During the study, participants stood on the pretend curb facing the real road and were instructed to use traffic on the real road to decide when to cross the pretend road. Anecdotal evidence from this study and empirical evidence from previous work (Lee et al., 1984) suggest that children and adults understood the protocol without difficulty.
Experimental Conditions
Adults crossed both the pretend and real roads, using the marked crosswalk, five times. Order of crossing real and pretend roads was randomized across adult participants. Children crossed the pretend road five times under each of the four intensities of supervision (no supervision, visual supervision, partial supervision, and full supervision), for a total of 20 crossings. Intensity level was presented in random order across participants. In the no supervision condition, children's parents were completely out of view. In the visual supervision condition, the parents watched children through a nearby window. Neither verbal nor nonverbal communication between children and parents was permitted or possible during crossings in this condition. In the partial supervision condition, parents stood on the opposite side of the pretend road, and to the right of the pretend curb from the children's perspective. Communication was permitted, and most parents did so via shouting or hand and body signals. In the full supervision condition, parents crossed the pretend road with their children. Many parents held hands with their child during this condition; almost all used physical and verbal communication.
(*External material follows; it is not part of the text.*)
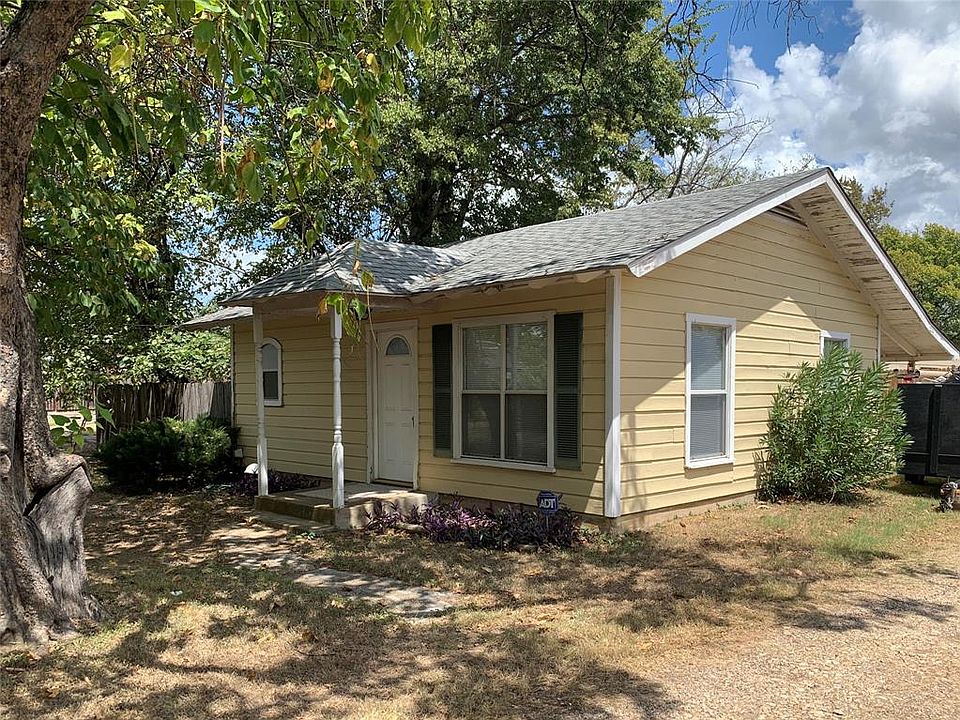 1st image of 2411 Medlin Dr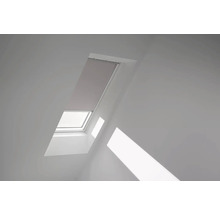 Dachfenster mit Rollo in einem hellen Raum.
Thus, increases in intensity beyond the no supervision condition involved two key aspects of parent supervision, varying parental attentiveness and readiness to intervene (Morrongiello, 2005). Attentiveness increased across conditions in the form of parental observation and communication. Readiness to intervene increased through the physical presence and proximity of the parent.
Protocol
Participants were first asked to stand on the pretend curb. Following a cue to "cross when you think it looks clear," participants began looking at traffic on the real road and crossed when they deemed it safe. After reaching the far side of the pretend road, participants walked back to the starting curb. All crossing behaviors were videotaped for subsequent coding using a camera with a wide-angle lens situated approximately five feet behind participants.
Measures
As detailed below, six pedestrian behaviors were measured: wait time, attention to traffic, missed opportunities, gap size, anticipations, and tight fits. Scores on each measure were calculated for each child within conditions of supervision intensity. Aggregates were created by averaging measures of time and common events (wait time, attention to traffic, gap size) and by summing uncommon events (missed opportunities, anticipations, tight fits).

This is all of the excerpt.